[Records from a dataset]
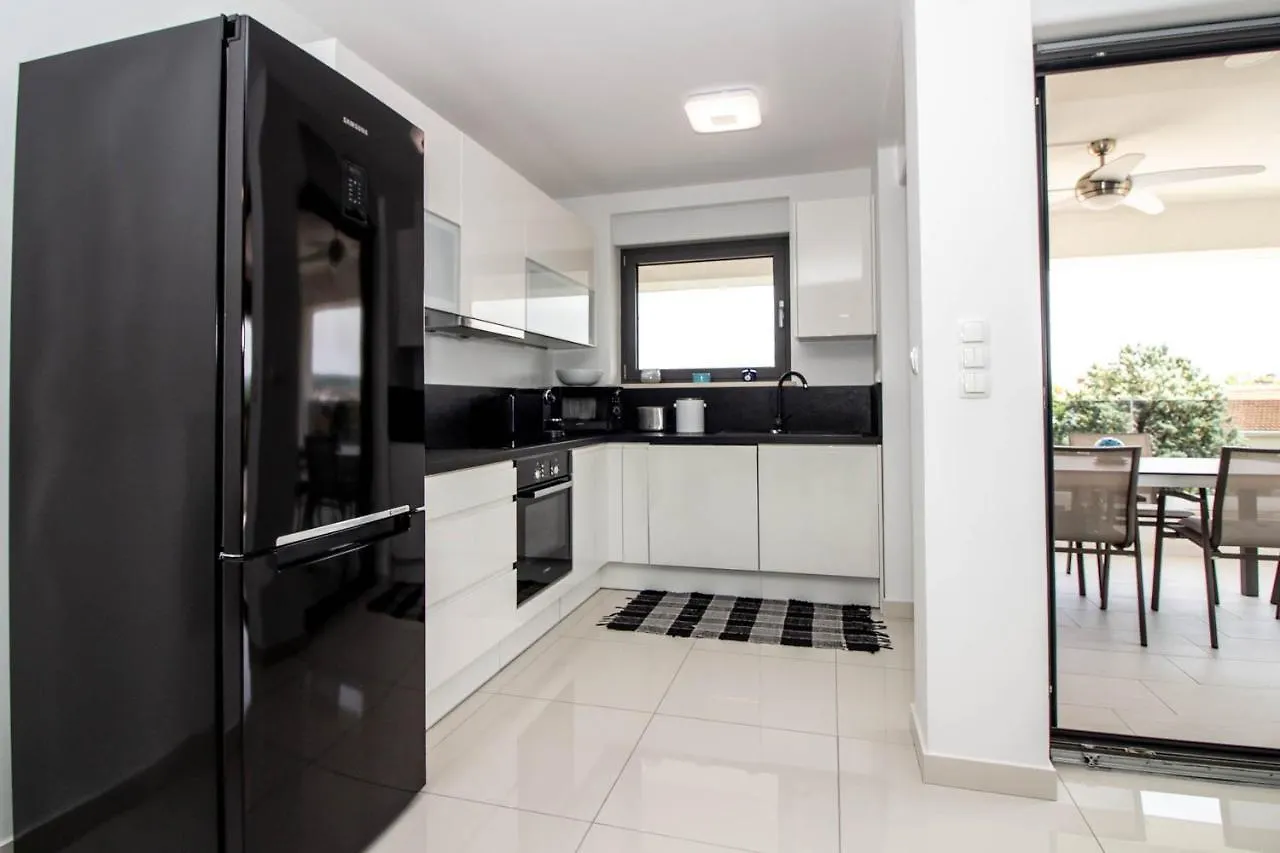 Luxury Apartment Luna Vantacici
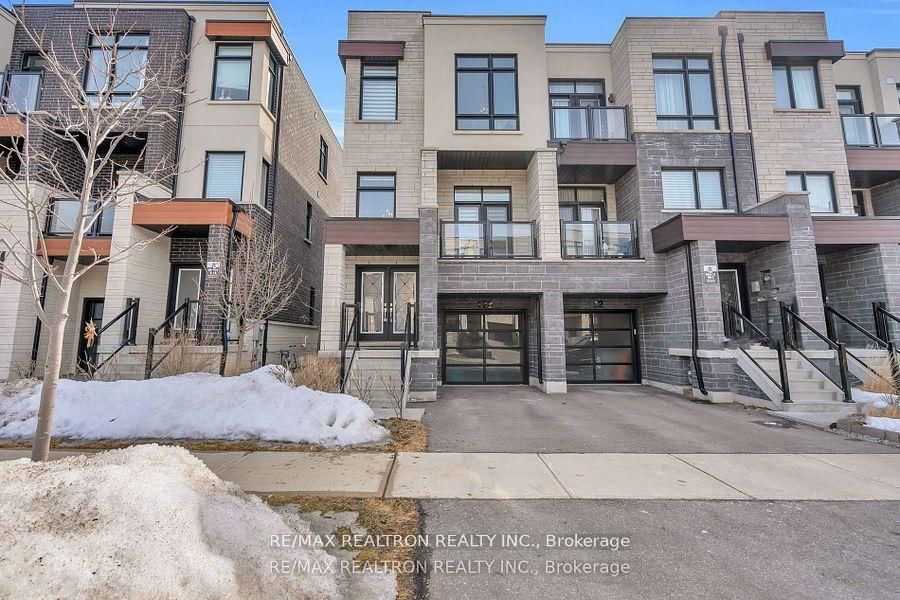 Townhouse for sale at 178 Golden Trail, Vaughan, Patterson, L6A 5A1 - MLS: N12146094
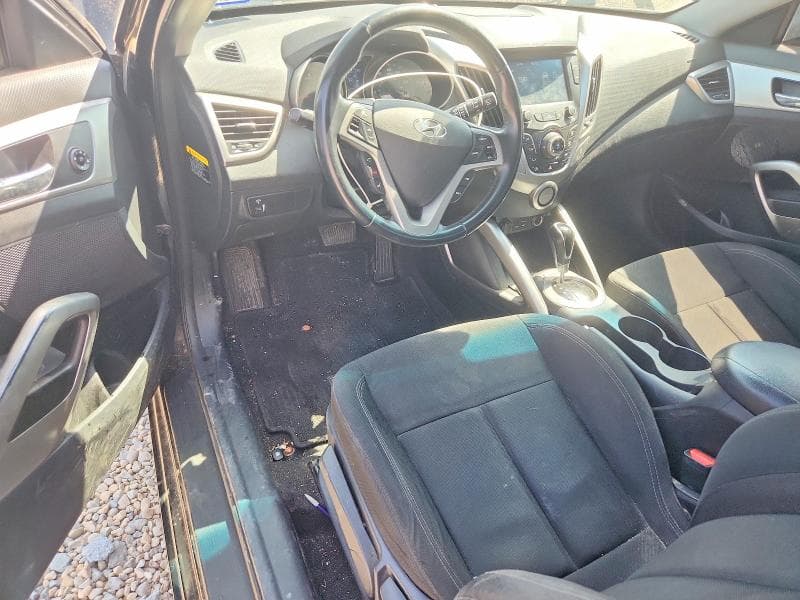 2017 HYUNDAI VELOSTER BASE 8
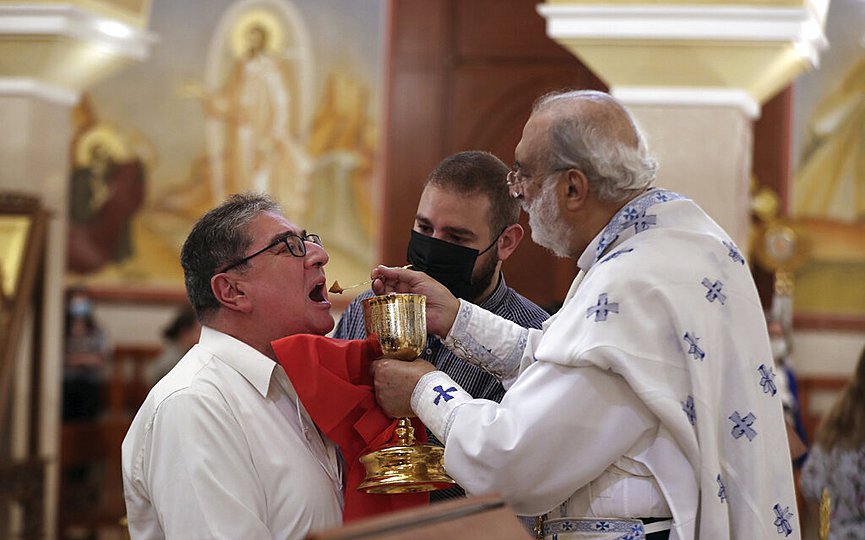 Churches reopen in Lebanon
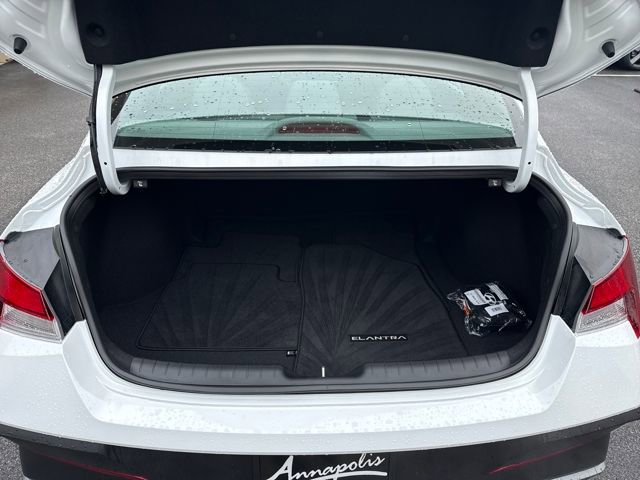 Certified 2025 Hyundai Elantra Sport image 23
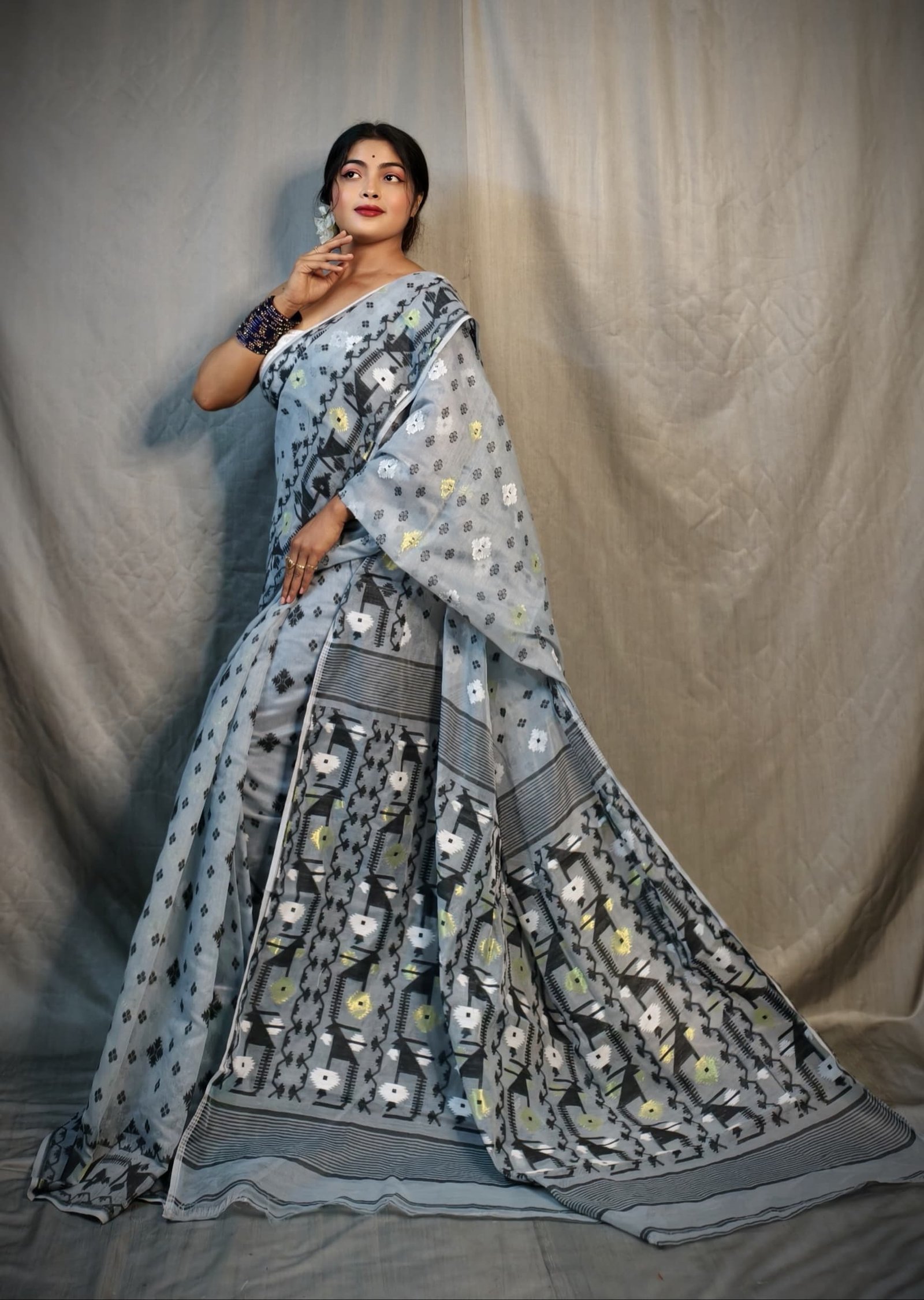 Nrittanjoli Allover Grey Soft Jamdani Saree - Image 2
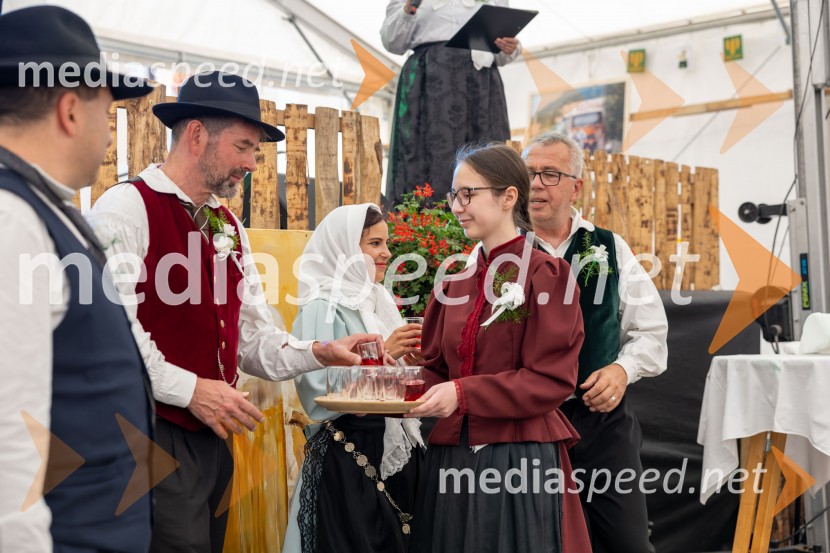 Pivo in cvetje 2026, nedelja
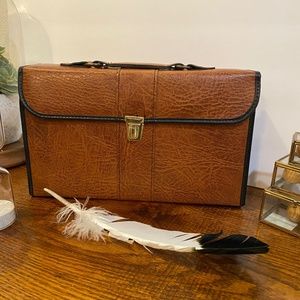 Vintage Leather Travel Bar/Cocktail Set/Cocktail Bar - Luggage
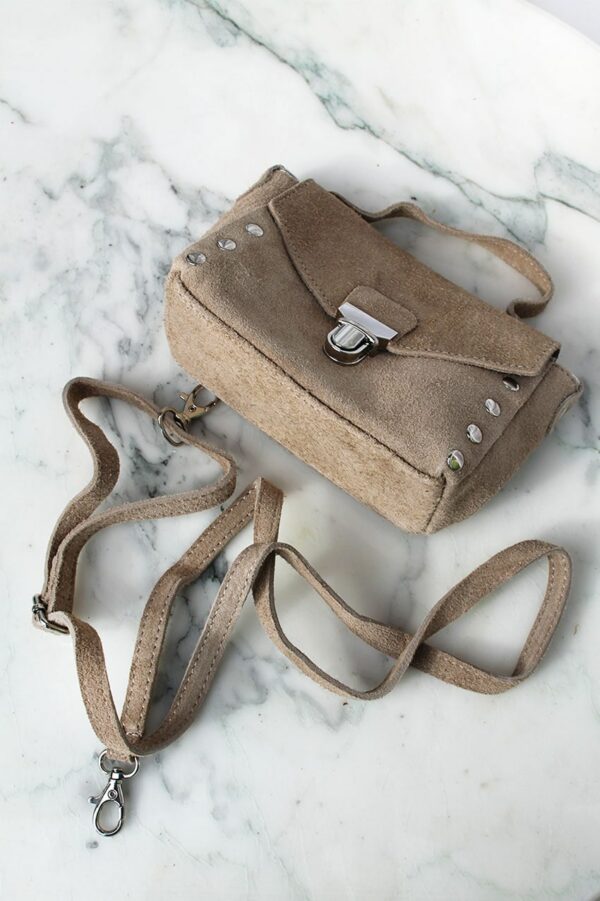 Absolème micro sac à main en cuir suédine taupe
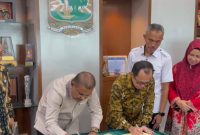 Bupati Karimun menandatangani Nota Kerjasama bersama Unand. Foto: Prokopim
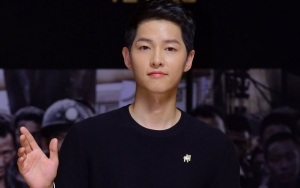Song Joong Ki Digosipkan Pacari Seorang Pengacara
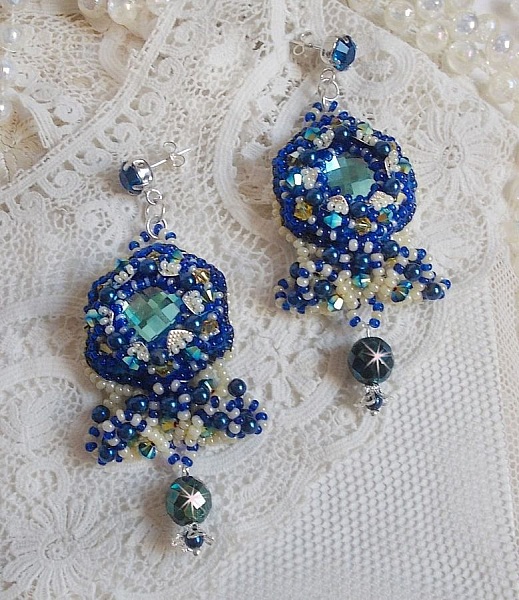 BO Blue Palace brod&eacute;es avec des cabochons facett&eacute;es en verre, des coupelles en forme de fleurs filigran&eacute;es, perles rondes facett&eacute;es Bleu-Marine AB et rocailles. Mont&eacute;es sur des clous en Argent 925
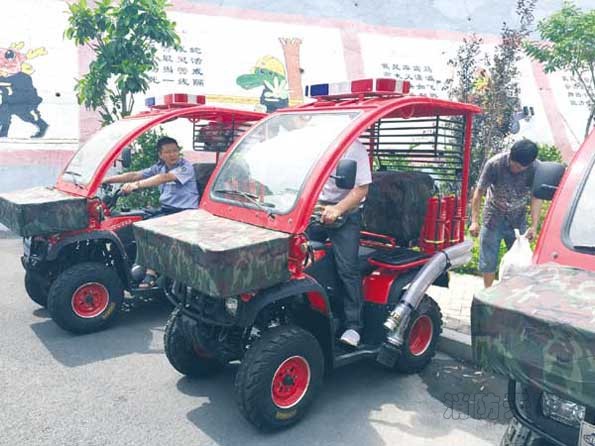 全能型消防摩托車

*EXERCISE:*
Could you reproduce the data above exactly, without its pictures?

*TASK SOLUTION:*
 Luxury Apartment Luna Vantacici
 Townhouse for sale at 178 Golden Trail, Vaughan, Patterson, L6A 5A1 - MLS: N12146094
 2017 HYUNDAI VELOSTER BASE 8
 Churches reopen in Lebanon
 Certified 2025 Hyundai Elantra Sport image 23
 Nrittanjoli Allover Grey Soft Jamdani Saree - Image 2
 Pivo in cvetje 2026, nedelja
 Vintage Leather Travel Bar/Cocktail Set/Cocktail Bar - Luggage
 Absolème micro sac à main en cuir suédine taupe
 Bupati Karimun menandatangani Nota Kerjasama bersama Unand. Foto: Prokopim
Song Joong Ki Digosipkan Pacari Seorang Pengacara
 BO Blue Palace brod&eacute;es avec des cabochons facett&eacute;es en verre, des coupelles en forme de fleurs filigran&eacute;es, perles rondes facett&eacute;es Bleu-Marine AB et rocailles. Mont&eacute;es sur des clous en Argent 925
 全能型消防摩托車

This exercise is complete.